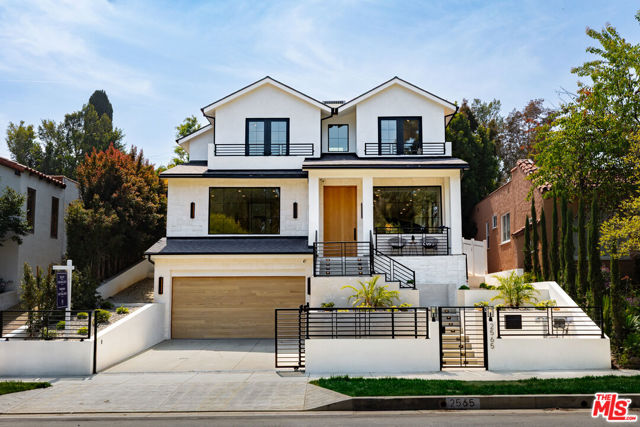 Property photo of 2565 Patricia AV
::::::
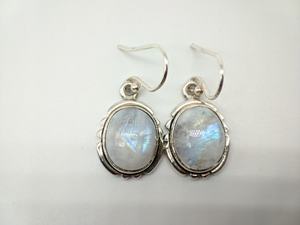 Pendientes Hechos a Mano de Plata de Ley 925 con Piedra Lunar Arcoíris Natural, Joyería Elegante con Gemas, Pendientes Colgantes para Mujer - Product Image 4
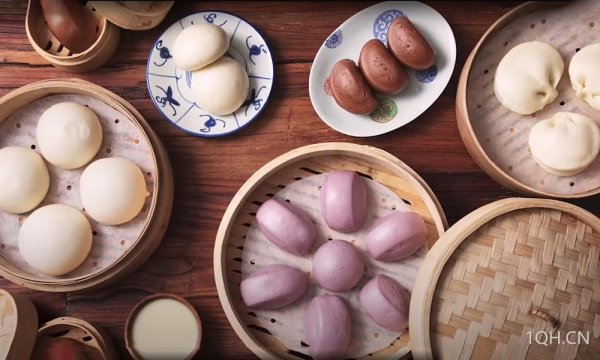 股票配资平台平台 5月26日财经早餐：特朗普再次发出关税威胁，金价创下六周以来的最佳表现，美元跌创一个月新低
::::::
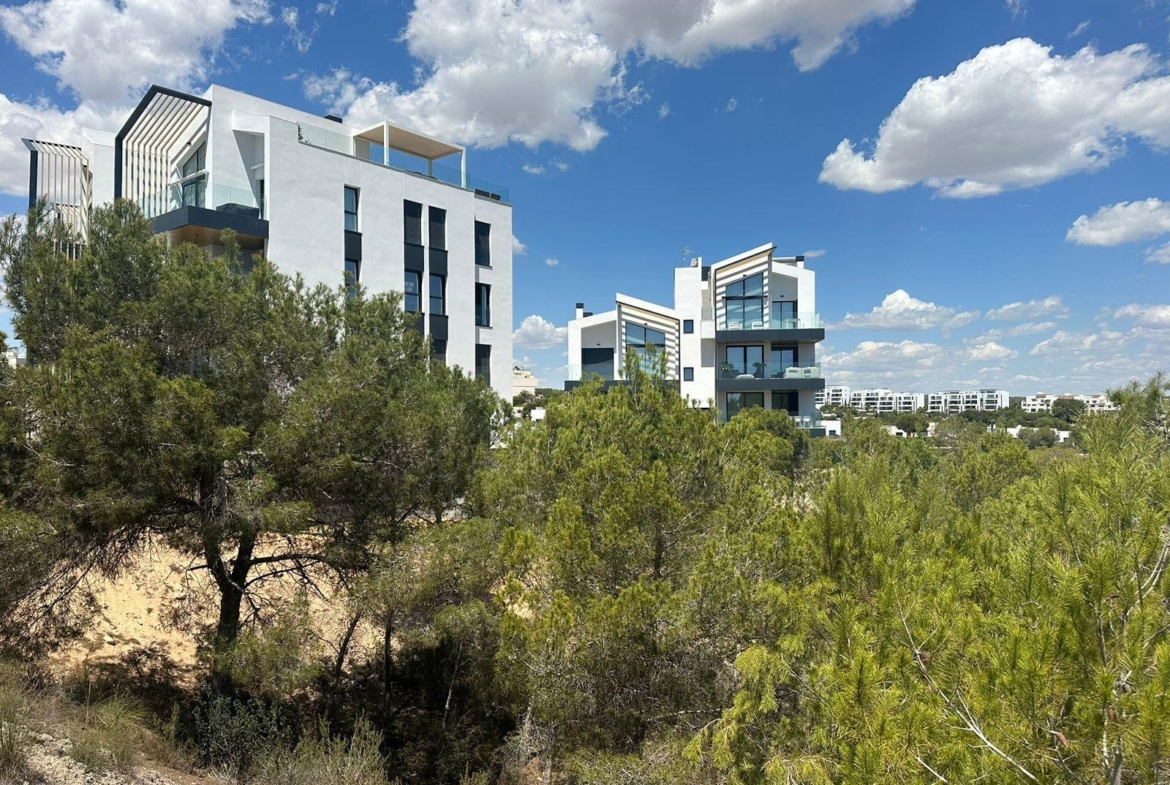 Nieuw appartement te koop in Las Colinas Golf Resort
::::::
In the data above, the stretch from the line with "Pendientes Hechos a" through the line with "股票配资平台平台 5月26日" is to be returned exactly, minus any pictures.

 Pendientes Hechos a Mano de Plata de Ley 925 con Piedra Lunar Arcoíris Natural, Joyería Elegante con Gemas, Pendientes Colgantes para Mujer - Product Image 4
 股票配资平台平台 5月26日财经早餐：特朗普再次发出关税威胁，金价创下六周以来的最佳表现，美元跌创一个月新低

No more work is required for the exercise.